Por Aurelio Pedroso (Progreso Semanal)
Hace más de 25 años –y se escribe rápido-, viví allí unas impresiones similares a las de esta mañana cuando justo en el momento en que observaba el desenvolvimiento de un vendedor ciego, fue el invidente quien alertó a sus compañeros de labor que la policía se aproximaba.
Lo único que al parecer ha cambiado es que los agentes de la autoridad, tal vez porque tengan mayores preocupaciones frente al delito, ya no hostiguen a esos vendedores de chatarras, cosas inservibles y alguna que otra tontería de origen “desconocido” y hayan descubierto que los verdaderos ladrones se encuentran en niveles más altos, en un maridaje de robos y corruptelas que parece no tener fin. Hasta el cieguito prosigue en su mismo sitio, más saludable que quien suscribe. Y se trata, repito, de un cuarto de siglo transcurrido.
Clientela o curiosos no le faltan al muro-vitrina-banco porque la posición que ocupa es estratégica. Tres esquinas muy concurridas: la farmacia, los hospitales oncológico y ortopédico, y en la otra las ruinas de lo que fue el hospital infantil Pedro Borrás.

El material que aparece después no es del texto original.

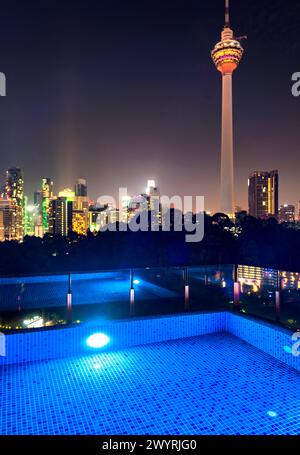 Atemberaubender Blick auf die Wolkenkratzer der Stadt KL, nachts hell beleuchtet, eleganter Pool im Vordergrund mit atemberaubendem Panoramablick Stockfoto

A continuación, otro hombre cercano a los 40 años que no cesa de rascarse los dedos del pie izquierdo aquejado de hongos sin duda alguna. Las cosas de Cuba: extrae de una bolsa un pomo pequeño que en su momento tuvo agua para beber y ahora tiene alcohol. Se dispara un trago en la mañana que comienza y a continuación se vierte un poco en la palma de la mano para frotárselas entre los dedos del pie. Alcohol por arriba y por abajo debió auto medicarse este caballero que oferta prendas de vestir de segunda, tercera o cuarta manos que piden a gritos ser enviadas al colector de basura más cercano.
Le sigue encima del muro, la “sección” de calzado: sandalias femeninas y botas para darle paso nuevamente a los textiles, un juego de pantalón y chaqueta de color negro que aquí llamamos “traje”. A no dudar aspirando a que un familiar de algún fallecido lo adquiera para que el difunto salga del hospital bien elegante en busca de la mano de ese ángel que le conducirá al cielo.

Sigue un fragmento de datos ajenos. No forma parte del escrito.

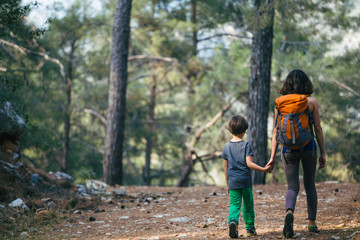 A woman walks with her son through the forest.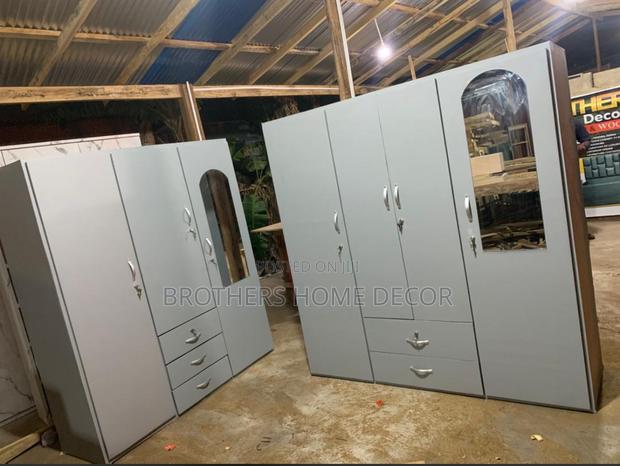 Laminated Three Doors Wardrobe. Foreign Wood.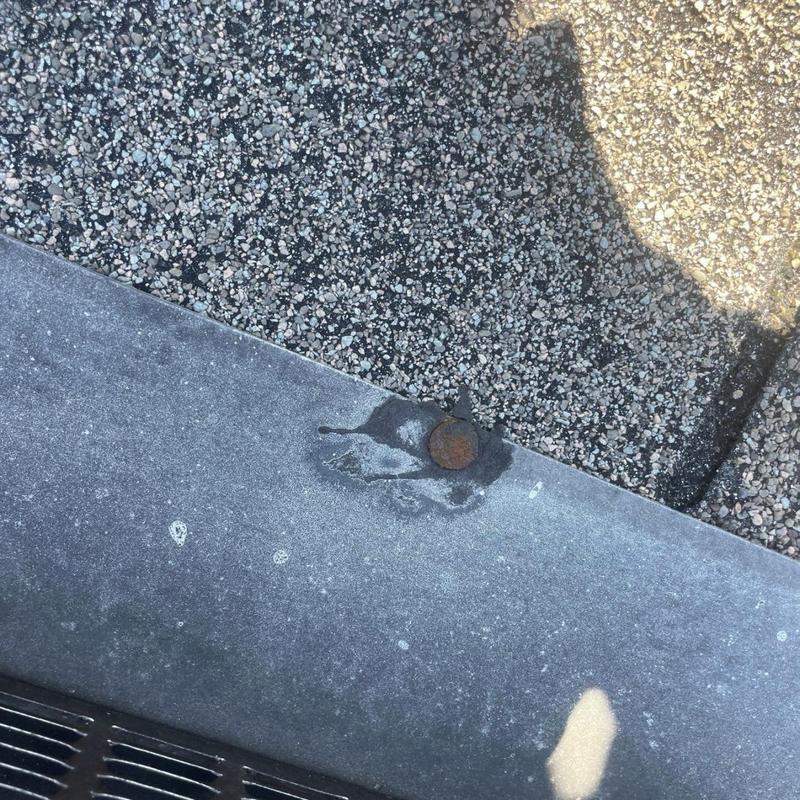 Roof metal flashing with rusted fastener and sealant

Viene entonces el pasillo de entrada la farmacia donde tres hombres jóvenes charlan animadamente sobre diversos temas encima de un banco de cemento al tiempo que se muestran enlatados de comida los unos a los otros. Llega un cuarto tertuliano con una frase en clave a todas luces: “ ¿A qué hora sale el avión?”.
Allí se habla de todo al compás de movimientos de botellas con ron peleón, de la sequía, de personas conocidas y para ponerle la tapa al pomo, a cualquier volumen, de los números agraciados en la ilegal charada (lotería ilegal).
Entre las ofertas resaltan dos textos como destinados a un intelectual en plena fase de crisis emocional, creativa y económica. Uno en inglés que anuncia en cubierta la presencia de 20 personalidades famosas norteamericanas en páginas interiores, y nuestra novela de siempre, Cecilia Valdés, de Cirilo Villaverde, el mismo autor a quien el choteo popular y en el habla familiar le cargan esa frase que reza: “Ya lo dijo Cirilo Villaverde al salir del hospital, que cuando el mal es de cagar no valen guayabas verdes”.